Material provided:

= Beginning of Section =

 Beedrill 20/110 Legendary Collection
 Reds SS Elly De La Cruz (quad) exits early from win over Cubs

= End of Section =
= Beginning of Section =

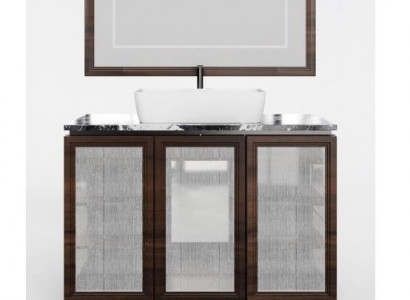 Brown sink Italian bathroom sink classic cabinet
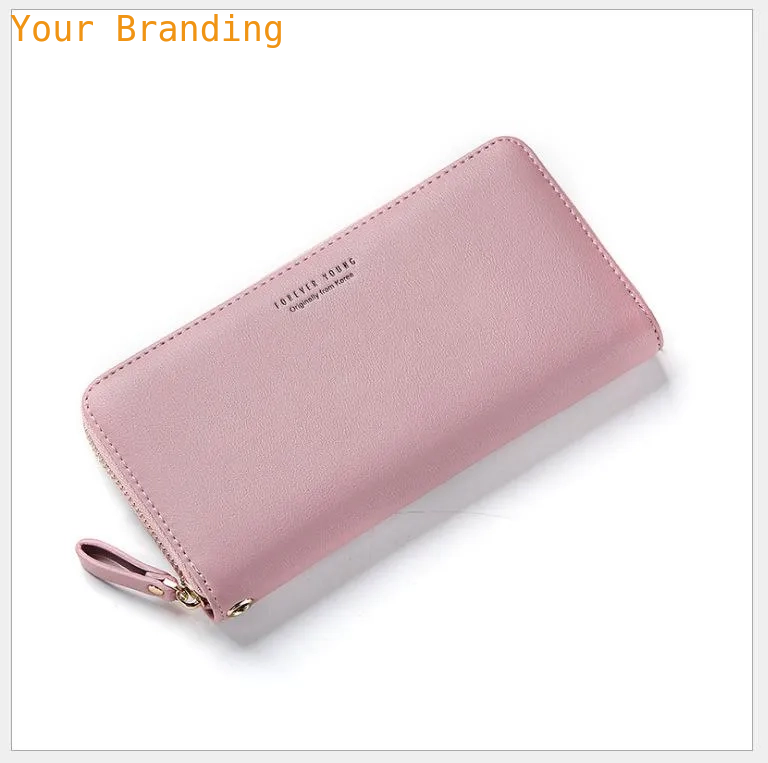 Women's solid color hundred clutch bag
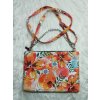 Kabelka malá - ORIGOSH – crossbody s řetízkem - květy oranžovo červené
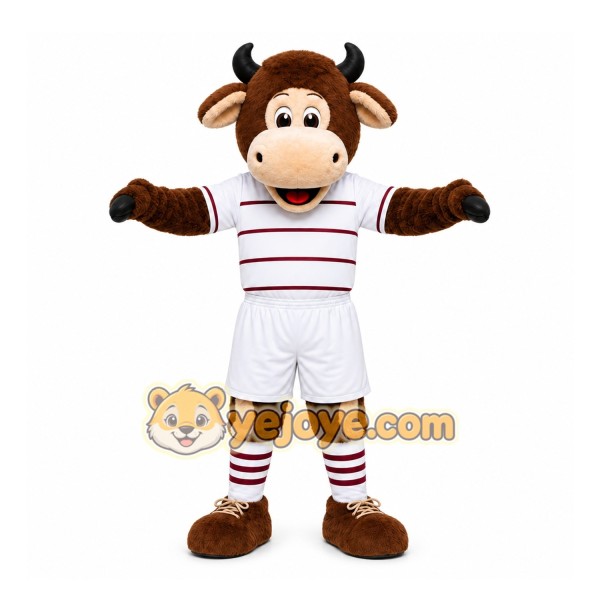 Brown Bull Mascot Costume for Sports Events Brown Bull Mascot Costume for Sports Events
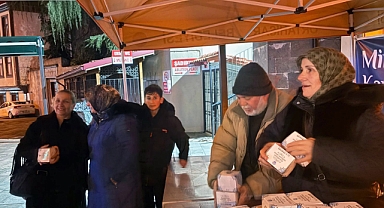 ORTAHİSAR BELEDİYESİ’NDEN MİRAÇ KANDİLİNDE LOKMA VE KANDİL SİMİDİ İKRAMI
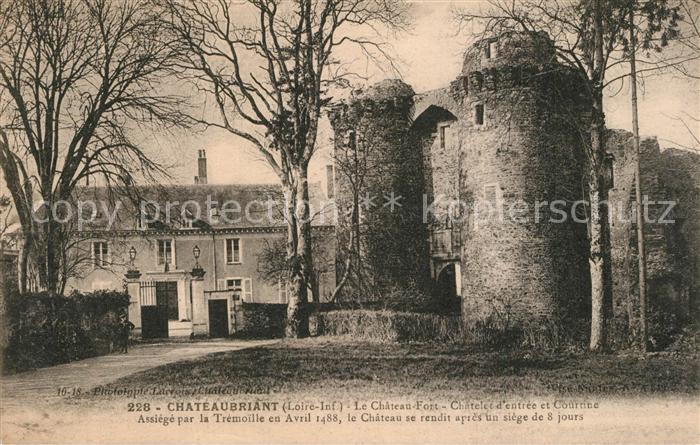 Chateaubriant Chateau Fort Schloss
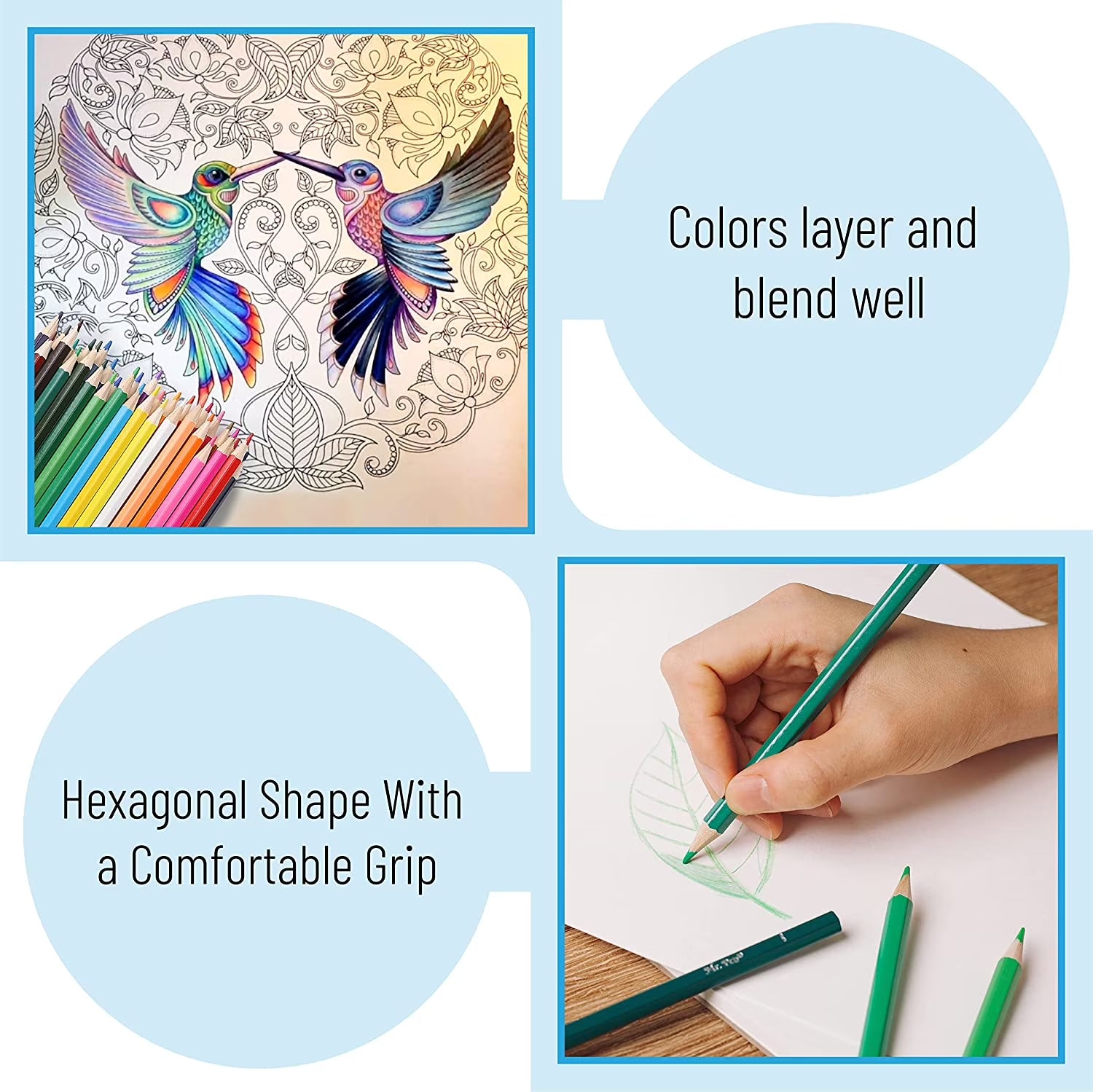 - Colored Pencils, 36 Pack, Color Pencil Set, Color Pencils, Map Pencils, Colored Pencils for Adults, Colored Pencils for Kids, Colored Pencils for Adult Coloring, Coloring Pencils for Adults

= End of Section =

What you need to do:
Set down again, exactly, every line above from the one with "Chateaubriant Chateau Fort Schloss" down to the one with "- Colored Pencils, 36", both ends included. No pictures, and nothing else.

Task answer:
 Chateaubriant Chateau Fort Schloss
 - Colored Pencils, 36 Pack, Color Pencil Set, Color Pencils, Map Pencils, Colored Pencils for Adults, Colored Pencils for Kids, Colored Pencils for Adult Coloring, Coloring Pencils for Adults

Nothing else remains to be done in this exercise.